Big Tobacco Looks to the Web

Christopher Saunders

Updated · Dec 28, 2001

R.J. Reynolds Tobacco is taking tentative steps into online marketing, with a customer retention program designed to keep its Doral cigarette brand top-of-mind with consumers — by giving them a discount PC.

Through an agreement with PeoplePC, which sells low-cost PC and Internet access packages on a subscription basis, the nation’s No. 2 tobacco giant plans to offer its users hardware and Internet access packages discounted from PeoplePC’s usual rates.

The PC offer is to be promoted via ads and e-mail newsletters from SmokersWelcome.com, a community site maintained by R.J. Reynolds. The site itself, designed by Greensboro, N.C.-based ad agency Coyne Beahm, is to be promoted via direct mail and Doral & Co., a quarterly glossy magazine that R.J. Reynolds publishes for its customers.

“The Web site gives the brand another opportunity to interact with the smokers, and this offer is kind of like a value that we’re offering to our smokers,” said R.J. Reynolds spokesperson Cassandra Foust. “Reynolds developed the Web site featuring the Doral cigarette brand, and we’ve teamed up to bring Doral smokers an easy and affordable way to get online. Some of our smokers may not have access to a computer, so we believe this is a great tool.”

Added PeoplePC spokesperson Lisa Murray, “This solution is a smart and cost effective way for any company to empower their constituencies to participate in the digital age and at the same time build deeper longer lasting relationships.”

PeoplePC normally charges $24.95 per month for a Hewlett-Packard PC and four years’ worth of Internet access. Through the R.J. Reynolds offer, Doral smokers can get the package for $21.95, or about $144 over the lifetime of the deal.

Still, the two companies are taking efforts to avoid any sense of impropriety. For one thing, spokespeople are quick to point out that the offer and the site are a customer retention, not acquisition, ploy.

“It’s really just to give more value to our smokers,” Foust said. “Each year, the Doral brand receives more than a million letters, calls, and e-mails from Doral smokers, and this gives us another opportunity to interact with them. And there’s an increased popularity in Web information among all consumers, including adult smokers. The Web is really hot out there now, and this is another way to reach some of those smokers.”

For its part, PeoplePC described the agreement as similar to its work with the American Automobile Association — providing special offers to a club or group of consumers. And it’s a “club” mentality that R.J. Reynolds is going for with its SmokersWanted — dubbed as “the One and Only Online Community for Smokers, By Smokers!”

In addition, the companies intentionally have kept the project very low-profile — introducing SmokersWelcome.com earlier this year to little fanfare.

Furthermore, R.J. Reynolds posts the same government-mandated health information from its cigarette packages on each page of its site, and requires that users submit their credit card number for registration or provide some other form of legal age identification.

Reynolds’ cautious efforts come amid continued — and in some cases, escalating — scrutiny by state and federal authorities of product marketing by the major tobacco manufacturers, following 1998’s multi-billion class action suit.
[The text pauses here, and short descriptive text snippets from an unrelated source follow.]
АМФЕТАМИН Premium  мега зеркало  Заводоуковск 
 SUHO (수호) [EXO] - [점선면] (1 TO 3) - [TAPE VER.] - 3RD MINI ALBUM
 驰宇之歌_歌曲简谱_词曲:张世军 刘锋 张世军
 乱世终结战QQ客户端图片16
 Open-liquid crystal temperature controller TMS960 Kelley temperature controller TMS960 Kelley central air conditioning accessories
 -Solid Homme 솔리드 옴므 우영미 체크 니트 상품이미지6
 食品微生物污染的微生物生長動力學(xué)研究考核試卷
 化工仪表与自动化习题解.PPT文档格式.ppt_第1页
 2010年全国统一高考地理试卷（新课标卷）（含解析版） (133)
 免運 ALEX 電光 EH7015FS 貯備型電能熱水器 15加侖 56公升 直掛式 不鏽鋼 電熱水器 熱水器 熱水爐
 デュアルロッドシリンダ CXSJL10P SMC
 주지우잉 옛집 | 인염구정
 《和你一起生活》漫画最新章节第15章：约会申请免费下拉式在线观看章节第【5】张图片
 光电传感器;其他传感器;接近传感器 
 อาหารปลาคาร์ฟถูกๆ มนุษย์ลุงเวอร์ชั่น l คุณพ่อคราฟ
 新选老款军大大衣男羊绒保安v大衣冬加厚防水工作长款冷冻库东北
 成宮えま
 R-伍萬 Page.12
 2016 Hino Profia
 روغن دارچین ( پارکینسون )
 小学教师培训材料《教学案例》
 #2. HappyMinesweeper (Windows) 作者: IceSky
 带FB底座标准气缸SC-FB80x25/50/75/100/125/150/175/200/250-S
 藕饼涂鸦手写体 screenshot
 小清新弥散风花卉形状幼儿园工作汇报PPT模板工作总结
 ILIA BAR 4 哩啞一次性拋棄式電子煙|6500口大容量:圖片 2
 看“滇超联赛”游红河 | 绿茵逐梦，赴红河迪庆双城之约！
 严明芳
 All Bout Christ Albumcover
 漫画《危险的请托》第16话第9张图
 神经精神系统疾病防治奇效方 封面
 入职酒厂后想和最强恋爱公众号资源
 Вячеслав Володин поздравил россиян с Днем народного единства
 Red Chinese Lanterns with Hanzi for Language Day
With tight marketing restrictions offline — including the 31-year-old ban on television and radio advertising — it’s no wonder, then, that Big Tobacco is looking elsewhere.

A push by the major tobacco producers to expand their marketing channels would coincide neatly with the current needs of sellers of Web advertising and marketing services, who are struggling to cope with the protracted downturn in online ad spending.

And they’ve already shown a willingness to work with controversial partners. In increasing numbers, online ad sellers have begin turning to deep-pocketed advertisers like casinos and alcohol producers, once considered largely taboo. Web portal Yahoo!, very briefly, even dabbled in sales of pornography, also running porn-related ads.

The effort wouldn’t be the first online marketing foray for Big Tobacco. In late 1997, for instance, Brown & Williamson Tobacco ran Lucky Strike print ads in San Francisco that promoted CircuitBreak.com, a smoking-related online magazine and entertainment guide funded by the company.

Still, online efforts for tobacco products have generally been focused on keeping the door open for e-tailers to sell cigarettes — a hot topic for state and federal regulators, since online sellers need not charge so-called “sin” taxes, which can elevate the price of cigarettes up to more than 30 percent. Earlier this year, Brown & Williamson successfully sued to have a New York State injunction lifted against mail-order, telephone and online sales of cigarettes.